Unfortunately the format I was parsing is proprietary, so I can't just paste the format and the solution here and be done :(.

Let's instead make our own binary format, but use common patterns, that I'm sure you'll bump into (check out a PE header for a more elaborate example).

Here's our imaginary file format (size of fields in brackets):

HEADER

| magic [2] | size of header [2] | meta1, [2] | meta2 [2] | start of segment [2] | meta3 [2] |


FIRST SEGMENT

| segment type:content [1] | segment length [2] | segment binary data |


NEXT SEGMENT

| segment type:content [1] | segment length [2] | segment binary data |


LAST SEGMENT (FOOTER)

| segment type:footer [1] | footer-meta1 [2] |


Some important points here:

  • Segments repeat.
  • Last segment is special.
  • Each segment tells you how long it is, and implicitly — these are the number of bytes you need to skip in order to go to the next segment.
  • The header looks like a convenient fixed map of meta data.
  • Magic is something that exist in many files to indicate their type, but most importantly if it doesn't match there's no point to continue parsing.

Using node-binary

Working with node-binary should be straight forward; you should be able to just declare your structure and work a little harder to do recursive or looping structures.

A couple of pitfalls though:

  • Don't nest too much. If you find yourself too nested with loops, taps and the like, try to find another way - perhaps separate into different functions or logical blocks.
  • I really, really, recommend working in small iterations if you're doing it manually. An auto-running test suite should do perfectly if you're serious about it :).

Header is linear and easy

  binary.parse(buf)
        .skip(4) //magic+size of header
        .word16bu('meta1')
        .word16bu('meta2')
        .word16bu('segStart')
        .word16bu('meta3')

Here, word16bu is "a word of 16 bits, (b)ig endian (u)nsigned". Next, segments are looped

 .loop(function(endSeg, vars){
          if(this.eof()){
            endSeg()
          }

          this.word16bu('frameType')
              .word16bu('frameLen')
          .tap(function (vars) {
            //regular segment
            if(vars.frameType == 0xFF01){
              this.skip(vars.frameLen - 4)
            } else if(vars.frameType == 0xFFFF) { //last segment
              console.log("Done.", vars.frameLen);
              endSeg();
            }
          })
        })

I used tap to get into the pipeline and inspect the current populated variables, which helps with taking decisions based on what we've seen so far.

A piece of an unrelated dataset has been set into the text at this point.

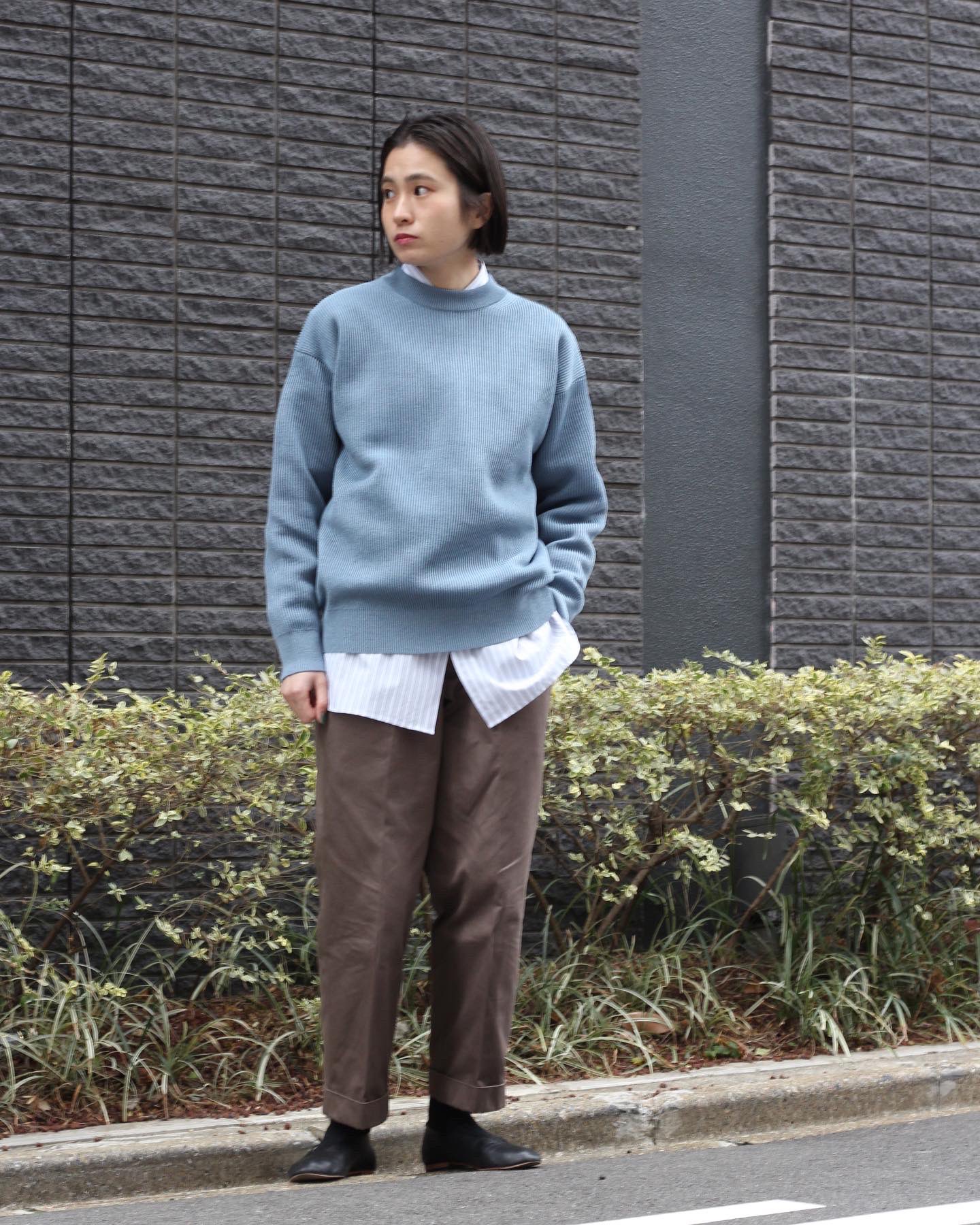 AURALEE FLAT YARN RIB KNIT P/O - Blue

Some byte calculations like vars.frameLen - 4 are very typical of such work, in this instance we had to take off the bytes we've already read, 2 bytes for segment type and 2 for length.

And finally

  binary.parse(buf)
        .skip(4) //magic+size of header
        .word16bu('meta1')
        .word16bu('meta2')
        .word16bu('segStart')
        .word16bu('meta3')
        .loop(function(endSeg, vars){
          if(this.eof()){
            endSeg()
          }

          this.word16bu('frameType')
              .word16bu('frameLen')
          .tap(function (vars) {
            //regular segment
            if(vars.frameType == 0xFF01){
              console.log("Found segment, length:", vars.frameLen)
              this.skip(vars.frameLen - 4)
            } else if(vars.frameType == 0xFFFF) { //last segment
              console.log("Done:", vars.frameLen.toString(16));
              endSeg();
            }
          })
        })
      .tap(function(vars){
        console.dir(vars)
      })

Happily here's the output:

parsing 34 bytes
Found segment, length: 8
Found segment, length: 10
Done: dead
{ meta1: 67,
  meta2: 18,
  segStart: 12,
  meta3: 4369,
  frameType: 65535,
  frameLen: 57005 }

As a closing tip, a very nice thing you get for free from node-binary is a stream for your parser; meaning you can pipe into it instead of reading and parsing an entire file.

Learning More

To see a complete example of node-binary in use, try checking out node-rfb. Within it, @substack implements an RFP protocol for VNC, using the tools I've outlined above. I think reading the code for handshake for example, is very interesting.